Erica L. Groshen, NY Fed: Temporary Layoffs during the Great Recession. I show that despite the depth of the Great Recession, U.S. employers did not use temporary layoffs much to cut costs. Just as they did during the previous two recessions, when firms laid workers off, they usually severed ties completely. This prevalence of permanent layoffs during the recession could slow the employment rebound over the coming months. It also raises questions about why the behavior of employers during recessions has changed.

Michela Braga, Marco Paccagnella, Michele Pellizzari, IZA: Evaluating Students' Evaluations of Professors. The average difference in subsequent performance between students who were assigned to the best and worst teacher (on the effectiveness scale) is approximately 43% of a standard deviation in the distribution of exam grades, corresponding to about 5.6% of the average grade. Additionally, we find that our measure of teacher effectiveness is negatively correlated with the students' evaluations: in other words, teachers who are associated with better subsequent performance receive worst evaluations from their students. We rationalize these results with a simple model where teachers can either engage in real teaching or in teaching-to-the-test, the former requiring higher students’ effort than the latter. Teaching-to-the-test guarantees high grades in the current course but does not improve future outcomes.
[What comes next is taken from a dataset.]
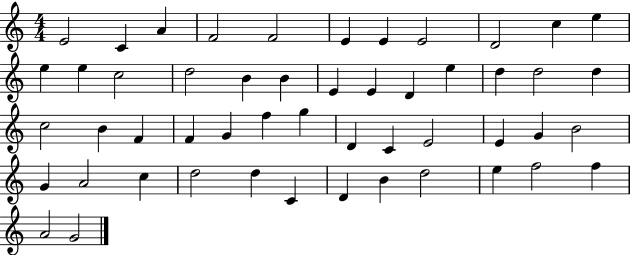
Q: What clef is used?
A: treble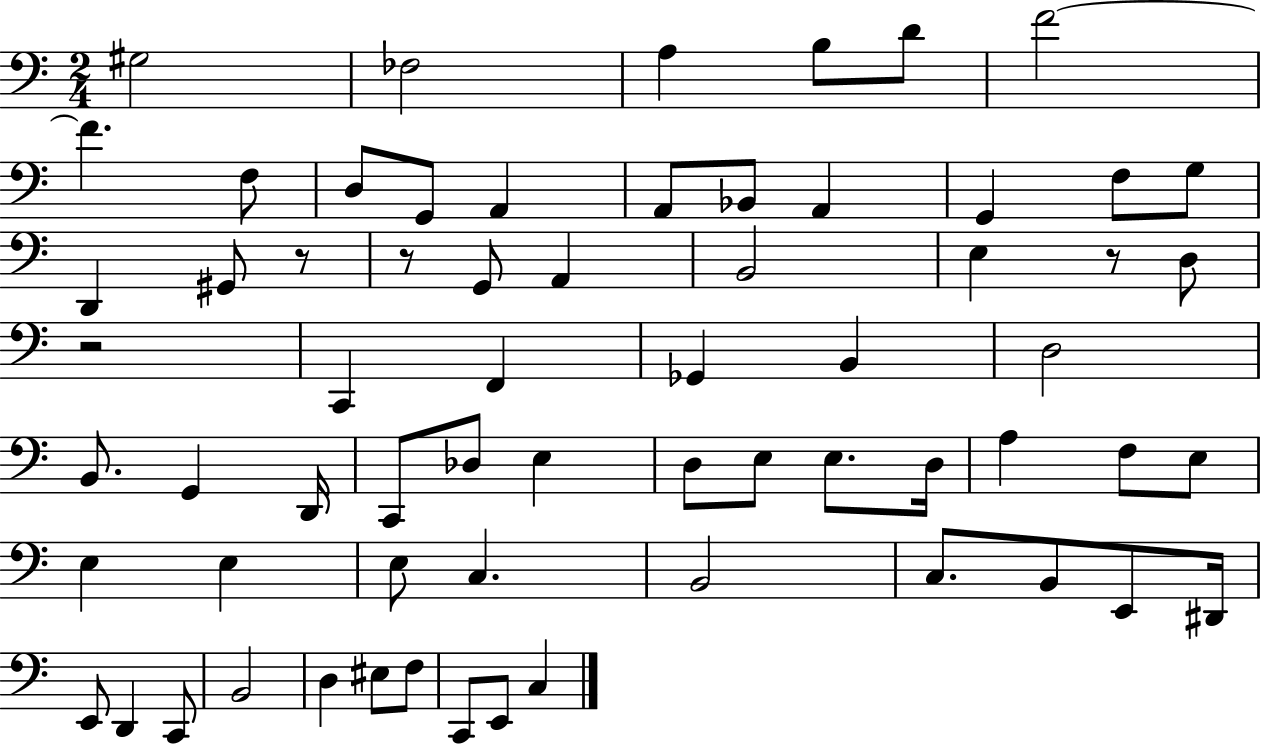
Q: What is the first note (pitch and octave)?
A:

Hence, if students are myopic and evaluate better teachers from which they derive higher utility in a static framework, the model is capable of predicting our empirical finding that good teachers receive bad evaluations, especially when teaching-to-the-test is very effective (for example, with multiple choice tests).

Sara Murray, WSJ: Suicide Rates Spike During Recessions. From the Great Depression to the double-dip recession of the 1980s, suicide rates have shown a spike in economic downturns, according to a study the Centers for Disease Control and Prevention released last week. And early data suggest that’s likely to be the case in the most recent economic shock as well.

Aadland, David, Shaffer, Sherrill, MPRA: Time Compression. Economists have generally ignored the notion that perceived time may differ from clock time. Borrowing from the behavioral psychology literature, we investigate the case of time compression whereby perceived time passes more quickly than actual time. A framework is presented to embed time compression in economic models. We then apply the principle to a standard lifecycle permanent income model with endogenous labor. Time compression provides an alternative explanation of why older individuals, even those without declining labor productivity, may choose to reduce their work effort.

Binyamin Appelbaum, NYT  Blog: Time and Judgment. A new paper finds that experienced parole judges in Israel granted freedom about 65 percent of the time to the first prisoner who appeared before them on a given day. By the end of a morning session, the chance of release had dropped almost to zero. After the same judge returned from a lunch break, the first prisoner once again had about a 65 percent chance at freedom. And once again the odds declined steadily. The reason offered by the authors suggests the broader significance. They write that making successive decisions depletes a limited mental facility, just like curling a dumbbell wears out your arms.

Resul Cesur, Joseph J. Sabia, Erdal Tekin, IZA: The Psychological Costs of War: Military Combat and Mental Health. While descriptive evidence suggests that deployment in the Global War on Terrorism is associated with adverse mental health, the causal effect of combat is not well established. Using data drawn from the National Longitudinal Study of Adolescent Health, we exploit exogenous variation in deployment assignment and find that soldiers deployed to combat zones where they engage in frequent enemy firefight or witness allied or civilian deaths are at substantially increased risk for suicidal ideation, psychological counseling, and post-traumatic stress disorder (PTSD). Our estimates imply lower-bound health care costs of $1.5 to $2.7 billion for combat-induced PTSD.